*WHAT THE TASK ASKS*
Look through the entries below and copy exactly the part that begins with the line containing "Raritné vintage autíčko" and ends with the line containing "Welcoming 412 E". Do not copy the pictures.

*THE RECORDS*

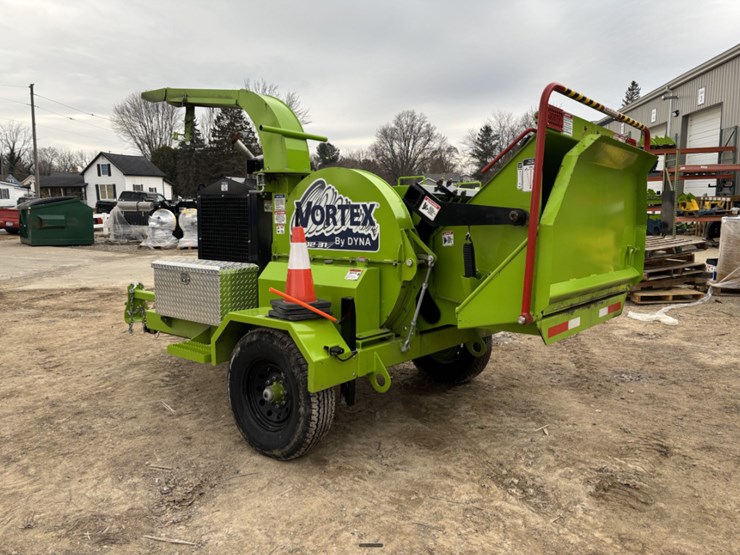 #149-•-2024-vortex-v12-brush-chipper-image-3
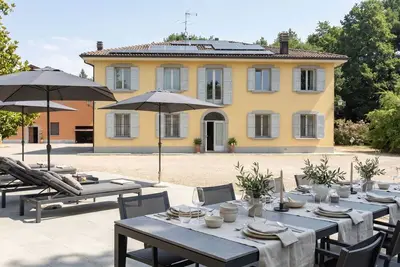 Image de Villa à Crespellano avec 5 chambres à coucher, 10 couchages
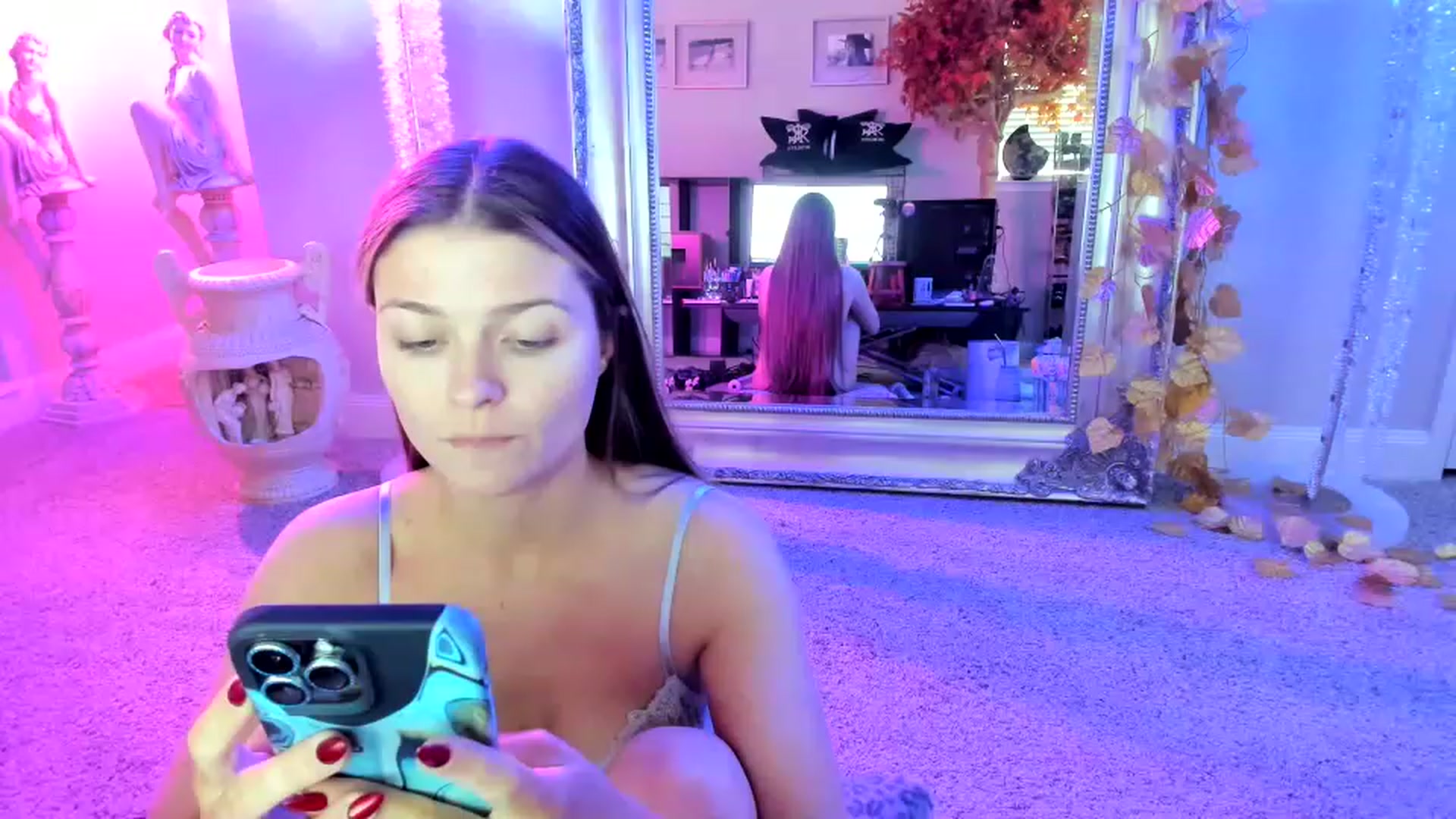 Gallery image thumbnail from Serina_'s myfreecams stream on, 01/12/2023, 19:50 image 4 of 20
* * *
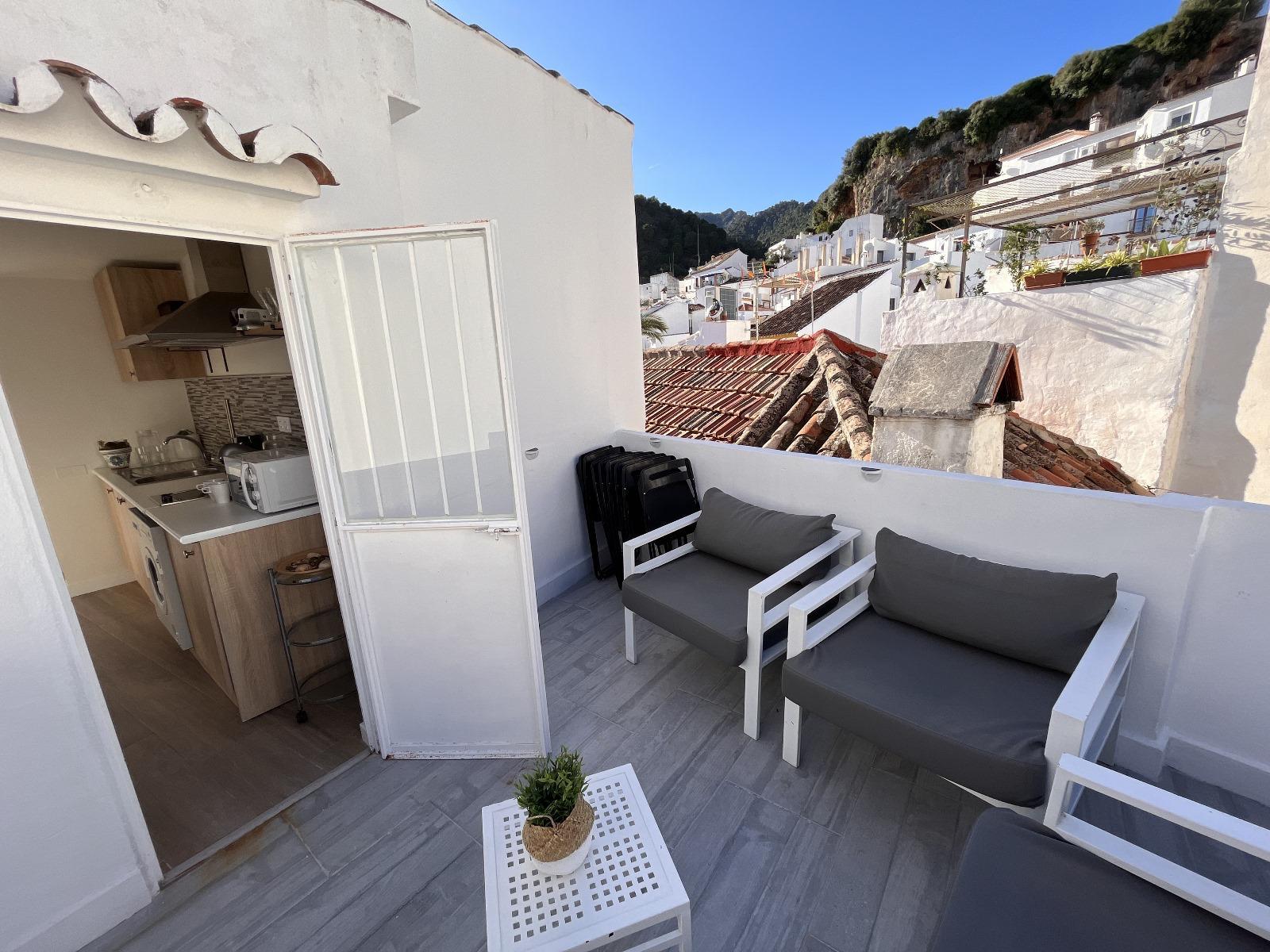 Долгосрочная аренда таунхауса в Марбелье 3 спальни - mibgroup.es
---
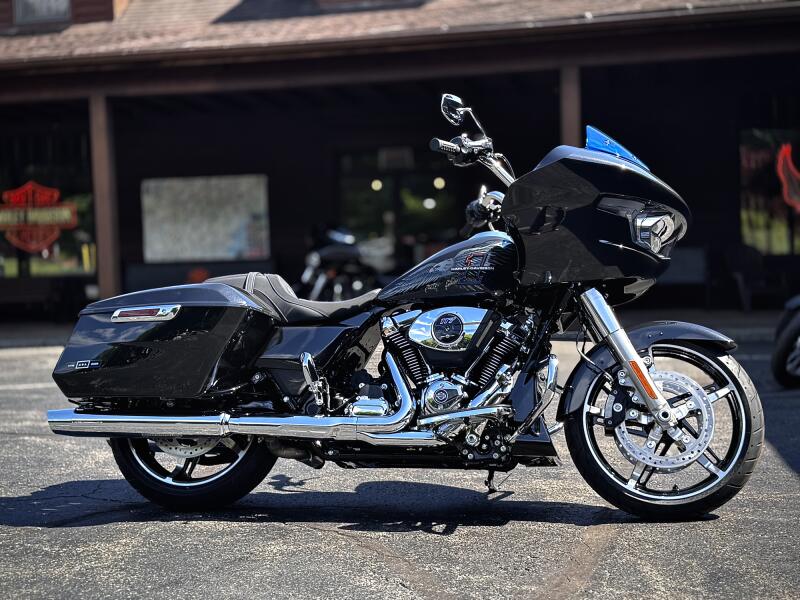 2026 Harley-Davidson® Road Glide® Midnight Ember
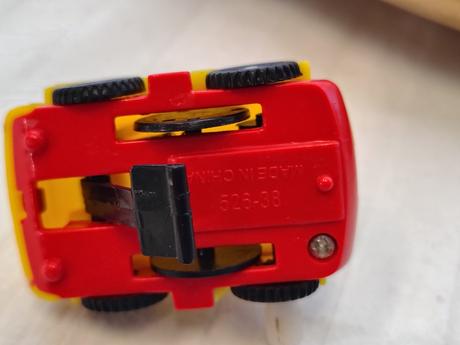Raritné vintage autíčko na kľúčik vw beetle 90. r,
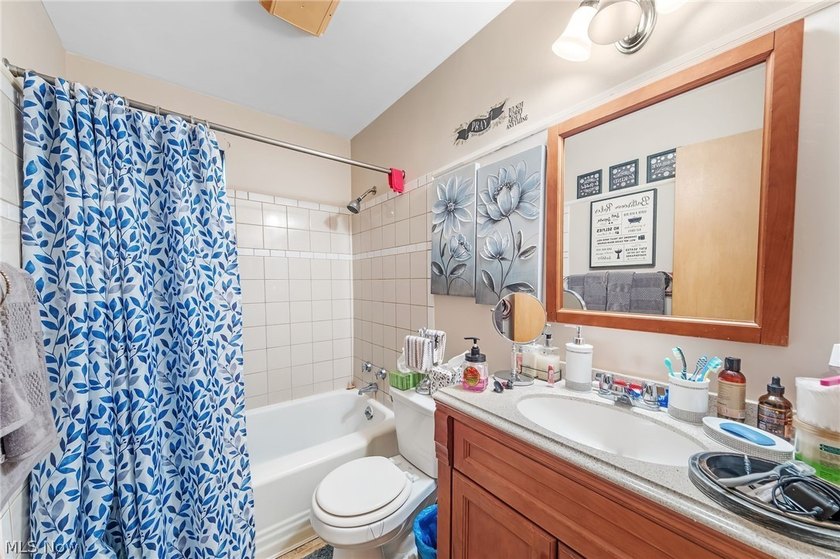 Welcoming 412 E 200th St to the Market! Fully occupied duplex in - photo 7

*RESULT OF THE TASK*
Raritné vintage autíčko na kľúčik vw beetle 90. r,
 Welcoming 412 E 200th St to the Market! Fully occupied duplex in - photo 7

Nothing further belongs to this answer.